How to complete this task => What is the number of lines in the listing below that contain the word "Fine"? Give only that number.

• • • • •

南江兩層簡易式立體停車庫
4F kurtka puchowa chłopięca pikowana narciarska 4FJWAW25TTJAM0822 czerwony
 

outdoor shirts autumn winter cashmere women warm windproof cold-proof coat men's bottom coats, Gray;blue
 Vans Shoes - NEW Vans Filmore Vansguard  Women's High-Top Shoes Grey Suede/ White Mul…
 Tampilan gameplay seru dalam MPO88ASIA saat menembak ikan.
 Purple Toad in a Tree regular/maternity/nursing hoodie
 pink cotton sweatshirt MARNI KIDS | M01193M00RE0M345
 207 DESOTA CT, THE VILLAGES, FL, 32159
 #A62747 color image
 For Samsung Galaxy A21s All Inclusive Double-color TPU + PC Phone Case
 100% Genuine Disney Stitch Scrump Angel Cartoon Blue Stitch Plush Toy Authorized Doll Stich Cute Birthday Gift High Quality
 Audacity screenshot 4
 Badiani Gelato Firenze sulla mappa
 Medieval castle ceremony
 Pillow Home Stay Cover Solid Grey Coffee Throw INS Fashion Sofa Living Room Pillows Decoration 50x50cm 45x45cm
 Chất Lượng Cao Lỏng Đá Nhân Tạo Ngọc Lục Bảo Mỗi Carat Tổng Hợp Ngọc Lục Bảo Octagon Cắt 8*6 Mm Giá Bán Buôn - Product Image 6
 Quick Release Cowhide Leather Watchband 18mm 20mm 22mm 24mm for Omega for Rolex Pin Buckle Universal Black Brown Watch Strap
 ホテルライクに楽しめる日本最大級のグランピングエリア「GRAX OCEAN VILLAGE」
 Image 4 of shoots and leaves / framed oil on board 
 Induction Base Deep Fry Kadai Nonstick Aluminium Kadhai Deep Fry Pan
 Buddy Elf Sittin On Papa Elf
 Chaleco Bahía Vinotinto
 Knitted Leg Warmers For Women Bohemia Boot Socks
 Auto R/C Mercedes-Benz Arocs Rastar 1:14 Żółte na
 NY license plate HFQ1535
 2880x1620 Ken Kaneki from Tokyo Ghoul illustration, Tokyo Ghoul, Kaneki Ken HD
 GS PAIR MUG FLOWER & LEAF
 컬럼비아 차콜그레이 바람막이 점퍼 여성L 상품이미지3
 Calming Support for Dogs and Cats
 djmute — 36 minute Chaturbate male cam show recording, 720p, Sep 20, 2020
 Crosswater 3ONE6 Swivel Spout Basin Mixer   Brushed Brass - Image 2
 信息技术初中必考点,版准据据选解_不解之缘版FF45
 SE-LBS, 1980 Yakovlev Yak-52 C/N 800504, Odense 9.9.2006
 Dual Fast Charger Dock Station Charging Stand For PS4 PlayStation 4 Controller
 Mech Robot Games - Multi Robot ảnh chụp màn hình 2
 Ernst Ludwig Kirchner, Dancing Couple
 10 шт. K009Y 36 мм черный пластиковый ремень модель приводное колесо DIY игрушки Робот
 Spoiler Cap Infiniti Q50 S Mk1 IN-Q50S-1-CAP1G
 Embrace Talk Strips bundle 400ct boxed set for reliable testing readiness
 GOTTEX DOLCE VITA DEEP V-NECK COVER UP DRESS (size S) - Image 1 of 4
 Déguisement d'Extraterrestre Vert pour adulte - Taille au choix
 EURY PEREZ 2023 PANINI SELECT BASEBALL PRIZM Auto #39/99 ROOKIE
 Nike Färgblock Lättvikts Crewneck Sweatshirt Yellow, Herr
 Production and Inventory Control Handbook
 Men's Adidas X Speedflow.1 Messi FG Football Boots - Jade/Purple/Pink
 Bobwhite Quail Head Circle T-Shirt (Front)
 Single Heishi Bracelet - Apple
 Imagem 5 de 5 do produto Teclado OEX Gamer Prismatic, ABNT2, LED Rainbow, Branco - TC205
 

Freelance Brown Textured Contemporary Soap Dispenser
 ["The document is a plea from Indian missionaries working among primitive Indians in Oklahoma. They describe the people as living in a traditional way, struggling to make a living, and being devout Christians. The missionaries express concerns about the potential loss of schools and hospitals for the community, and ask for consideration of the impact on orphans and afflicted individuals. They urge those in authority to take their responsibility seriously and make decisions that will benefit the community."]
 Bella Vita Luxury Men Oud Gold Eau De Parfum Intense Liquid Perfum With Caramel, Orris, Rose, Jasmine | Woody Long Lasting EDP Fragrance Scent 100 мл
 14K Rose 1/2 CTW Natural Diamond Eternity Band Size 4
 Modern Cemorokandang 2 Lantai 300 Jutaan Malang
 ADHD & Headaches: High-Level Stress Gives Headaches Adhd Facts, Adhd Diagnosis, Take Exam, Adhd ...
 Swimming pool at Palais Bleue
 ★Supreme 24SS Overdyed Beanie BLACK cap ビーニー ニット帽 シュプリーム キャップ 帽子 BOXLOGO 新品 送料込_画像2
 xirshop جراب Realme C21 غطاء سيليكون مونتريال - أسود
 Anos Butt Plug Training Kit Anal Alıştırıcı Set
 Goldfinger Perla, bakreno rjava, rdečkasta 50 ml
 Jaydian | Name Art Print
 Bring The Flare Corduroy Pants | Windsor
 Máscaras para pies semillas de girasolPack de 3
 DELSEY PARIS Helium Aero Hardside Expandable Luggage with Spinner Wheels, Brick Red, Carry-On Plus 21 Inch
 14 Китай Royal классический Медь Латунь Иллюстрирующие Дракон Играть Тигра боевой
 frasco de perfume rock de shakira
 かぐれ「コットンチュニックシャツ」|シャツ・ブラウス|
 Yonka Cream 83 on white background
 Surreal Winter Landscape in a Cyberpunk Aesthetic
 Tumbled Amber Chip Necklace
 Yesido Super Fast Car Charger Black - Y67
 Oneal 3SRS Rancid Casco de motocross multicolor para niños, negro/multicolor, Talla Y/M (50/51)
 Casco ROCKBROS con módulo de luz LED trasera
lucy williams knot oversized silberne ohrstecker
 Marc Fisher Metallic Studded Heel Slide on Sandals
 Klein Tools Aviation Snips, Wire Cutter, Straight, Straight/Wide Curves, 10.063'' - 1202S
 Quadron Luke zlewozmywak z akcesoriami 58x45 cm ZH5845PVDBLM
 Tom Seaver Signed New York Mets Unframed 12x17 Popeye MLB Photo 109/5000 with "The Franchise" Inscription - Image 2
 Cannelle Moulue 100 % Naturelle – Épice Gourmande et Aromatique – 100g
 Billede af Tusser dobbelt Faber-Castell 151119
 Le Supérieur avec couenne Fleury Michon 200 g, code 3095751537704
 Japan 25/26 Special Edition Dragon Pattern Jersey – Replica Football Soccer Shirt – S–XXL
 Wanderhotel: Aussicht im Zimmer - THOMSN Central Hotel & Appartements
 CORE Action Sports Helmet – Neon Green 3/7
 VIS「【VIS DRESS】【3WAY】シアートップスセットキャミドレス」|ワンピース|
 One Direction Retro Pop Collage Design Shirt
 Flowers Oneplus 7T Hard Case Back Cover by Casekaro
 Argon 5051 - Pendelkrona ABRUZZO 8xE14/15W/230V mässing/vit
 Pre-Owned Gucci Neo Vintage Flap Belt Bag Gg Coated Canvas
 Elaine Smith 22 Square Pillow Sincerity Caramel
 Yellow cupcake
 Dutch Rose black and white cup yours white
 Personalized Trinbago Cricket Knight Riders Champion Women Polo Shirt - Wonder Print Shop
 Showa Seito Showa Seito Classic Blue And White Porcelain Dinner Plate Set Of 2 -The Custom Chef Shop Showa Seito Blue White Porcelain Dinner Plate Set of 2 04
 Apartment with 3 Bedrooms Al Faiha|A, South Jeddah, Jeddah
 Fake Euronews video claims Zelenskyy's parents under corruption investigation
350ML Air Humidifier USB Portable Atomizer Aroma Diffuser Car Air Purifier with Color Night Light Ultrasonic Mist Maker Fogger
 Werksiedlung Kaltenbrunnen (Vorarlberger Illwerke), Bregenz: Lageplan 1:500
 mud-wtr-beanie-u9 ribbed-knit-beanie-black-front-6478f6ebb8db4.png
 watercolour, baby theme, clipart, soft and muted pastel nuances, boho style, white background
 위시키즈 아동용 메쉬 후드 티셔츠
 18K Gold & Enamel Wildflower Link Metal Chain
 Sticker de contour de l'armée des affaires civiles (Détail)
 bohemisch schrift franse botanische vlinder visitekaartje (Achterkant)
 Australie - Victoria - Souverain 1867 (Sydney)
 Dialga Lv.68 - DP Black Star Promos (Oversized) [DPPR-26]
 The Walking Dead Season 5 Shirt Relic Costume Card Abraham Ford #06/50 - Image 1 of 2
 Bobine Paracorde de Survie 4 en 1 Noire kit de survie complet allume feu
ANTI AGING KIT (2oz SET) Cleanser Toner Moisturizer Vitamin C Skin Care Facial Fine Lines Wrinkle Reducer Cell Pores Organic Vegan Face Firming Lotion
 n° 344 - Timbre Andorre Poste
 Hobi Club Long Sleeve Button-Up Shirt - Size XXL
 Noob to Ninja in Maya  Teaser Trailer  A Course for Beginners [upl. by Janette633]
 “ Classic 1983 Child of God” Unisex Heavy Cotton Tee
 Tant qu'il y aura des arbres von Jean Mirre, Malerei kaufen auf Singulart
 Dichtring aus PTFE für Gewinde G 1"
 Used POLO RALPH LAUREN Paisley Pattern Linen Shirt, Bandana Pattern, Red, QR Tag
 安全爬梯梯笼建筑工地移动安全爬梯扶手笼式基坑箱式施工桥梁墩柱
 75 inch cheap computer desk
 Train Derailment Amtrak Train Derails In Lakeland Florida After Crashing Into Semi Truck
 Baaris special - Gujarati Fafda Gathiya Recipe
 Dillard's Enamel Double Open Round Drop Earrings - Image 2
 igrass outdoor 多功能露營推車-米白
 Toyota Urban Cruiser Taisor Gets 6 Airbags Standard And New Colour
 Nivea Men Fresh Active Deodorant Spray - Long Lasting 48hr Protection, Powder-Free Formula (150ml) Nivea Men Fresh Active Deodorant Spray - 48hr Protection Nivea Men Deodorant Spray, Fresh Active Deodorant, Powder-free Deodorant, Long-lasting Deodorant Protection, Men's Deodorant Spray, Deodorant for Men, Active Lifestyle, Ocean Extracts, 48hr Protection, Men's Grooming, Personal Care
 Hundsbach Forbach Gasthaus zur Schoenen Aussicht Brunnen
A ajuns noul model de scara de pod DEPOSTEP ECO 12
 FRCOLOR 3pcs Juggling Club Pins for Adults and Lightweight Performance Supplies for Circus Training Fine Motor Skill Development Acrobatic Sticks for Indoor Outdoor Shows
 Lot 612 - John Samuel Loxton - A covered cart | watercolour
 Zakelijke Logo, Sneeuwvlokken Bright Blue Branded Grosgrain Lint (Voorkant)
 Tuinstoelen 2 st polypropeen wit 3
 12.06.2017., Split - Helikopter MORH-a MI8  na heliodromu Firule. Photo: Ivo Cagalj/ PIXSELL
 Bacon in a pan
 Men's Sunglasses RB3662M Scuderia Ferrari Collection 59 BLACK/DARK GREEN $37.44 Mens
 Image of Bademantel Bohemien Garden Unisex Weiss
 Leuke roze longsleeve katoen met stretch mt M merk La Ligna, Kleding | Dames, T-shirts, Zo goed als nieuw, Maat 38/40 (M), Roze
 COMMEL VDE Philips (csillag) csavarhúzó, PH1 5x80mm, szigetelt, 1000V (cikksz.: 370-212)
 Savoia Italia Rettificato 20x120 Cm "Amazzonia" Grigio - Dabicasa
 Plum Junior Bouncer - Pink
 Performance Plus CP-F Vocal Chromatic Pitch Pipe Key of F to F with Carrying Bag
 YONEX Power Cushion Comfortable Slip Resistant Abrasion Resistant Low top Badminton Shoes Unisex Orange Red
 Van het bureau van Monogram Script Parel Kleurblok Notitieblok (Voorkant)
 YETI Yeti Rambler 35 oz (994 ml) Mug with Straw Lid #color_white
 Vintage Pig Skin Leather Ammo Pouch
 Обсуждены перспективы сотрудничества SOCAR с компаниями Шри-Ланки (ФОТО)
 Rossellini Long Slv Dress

• • • • •

Answer to the problem => 2